Faute de prendre chez lui les mesures appropriées, le Japon, premier consommateur mondial d’anguilles, ne peut pas espérer obtenir des autres pays qu’ils coopèrent avec lui à la gestion des populations de ce poisson. Et l’effet de ces initiatives restera limité tant que le marché international sera le théâtre de transactions à caractère douteux.

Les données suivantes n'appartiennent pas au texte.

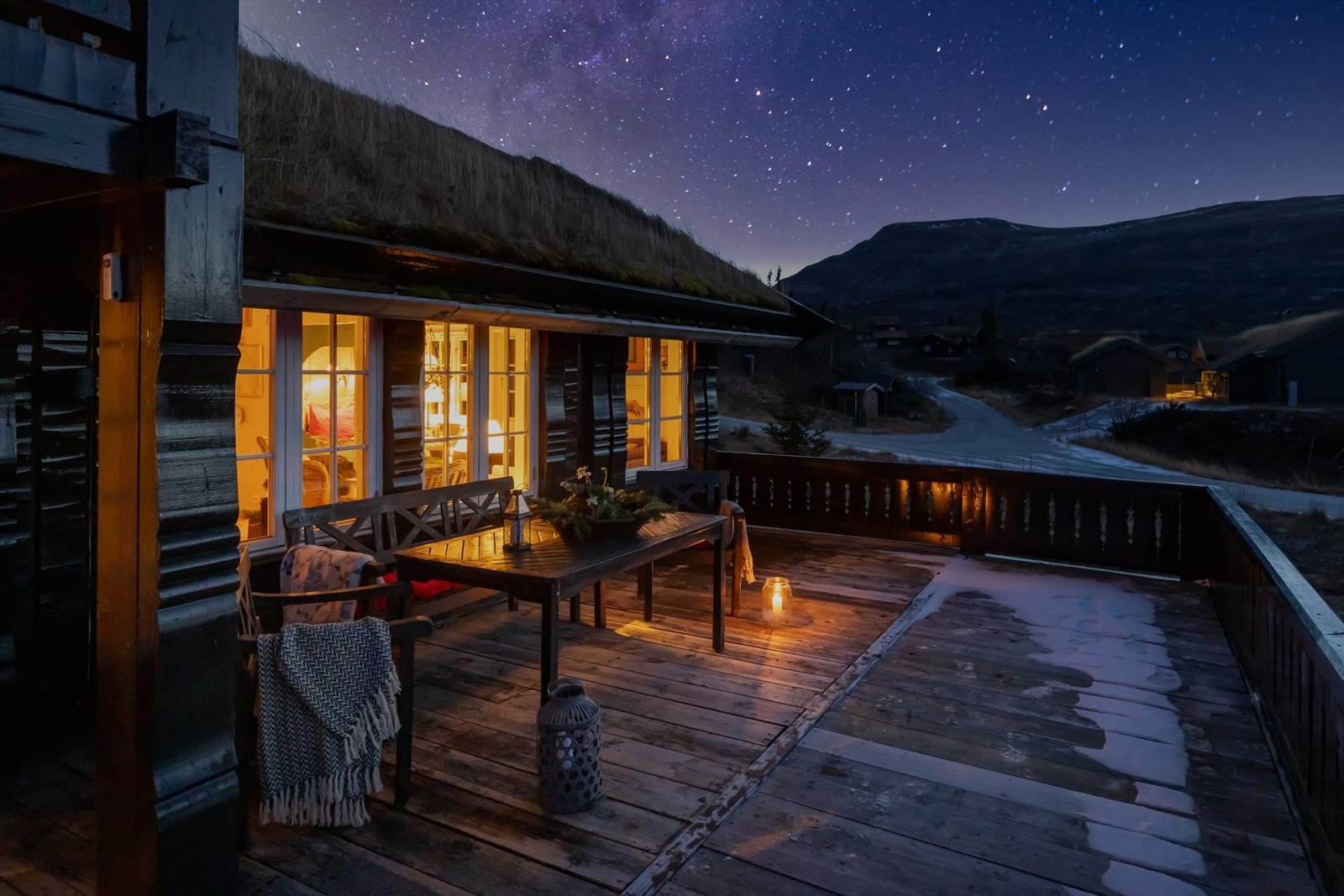 Koselig kveldsstemning på balkongen med utsikt mot Høgevardetoppen. Galleribilde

Il ne saurait y avoir de gestion des populations d’anguilles tant que le Japon continuera de fuir les responsabilités qui lui incombent. En mars dernier, le Consortium des réserves d’anguille d’Asie de l’Est, un groupe que préside le professeur Tsukamoto Katsumi, de l’Institut de recherche atmosphérique et océanique de l’Université de Tokyo, et qui compte dans ses rangs des chercheurs et des hommes d’affaires japonais, taïwanais et chinois, a organisé un symposium d’urgence à l’issue duquel a été publiée une déclaration sur la protection et la préservation de l’anguille japonaise qui appelait à la limitation de la pêche des spécimens matures dans les rivières et les zones littorales et à la gestion de la pêche des civelles au niveau national en vue d’établir des statistiques précises.

Les consommateurs et les distributeurs d’anguille portent aussi une lourde part de responsabilité dans la situation actuelle. Suite à l’afflux massif et insoutenable des importations, les anguilles, jadis considérées comme un plat de luxe, sont devenues un article bon marché vendus en grandes quantités dans les supérettes de proximité et les grandes surfaces. Le prix actuel du kilo d’anguille, qui dépasse 2 000 yens, semble élevé par rapport aux chiffres, inférieurs à 900 yens, enregistrés quand le volume des importations avait fait chuter les cours. Mais sachant que dans le passé le kilo d’anguille s’est souvent vendu à 1 800 yens, les prix actuels ne semblent pas particulièrement exorbitants.

Nous devons saisir l’occasion qui nous est offerte pour renoncer au modèle commercial à faibles marges et fort volumes en vigueur pour l’exploitation de l’anguille et revenir à une démarche qui place la qualité au-dessus de la quantité. Faute de cela, les réserves vont continuer de s’épuiser et l’on risque de sombrer dans une spirale descendante qui verra les consommateurs se lasser des anguilles de mauvaise qualité et arrêter d’en acheter, avec pour conséquence une baisse des profits et un affaiblissement de l’ensemble de l’activité. Les réserves d’anguilles risquent de franchir un seuil d’épuisement au-delà duquel elles ne pourront plus se reconstituer et toute l’activité liée à la pêche sera alors condamnée à disparaître. Il est temps que les pêcheurs et les aquaculteurs d’anguilles, les filières de la transformation et de la distribution et, par dessus tout, les consommateurs japonais qui se sont laissés obnubiler par la recherche des petits prix aient un comportement responsable.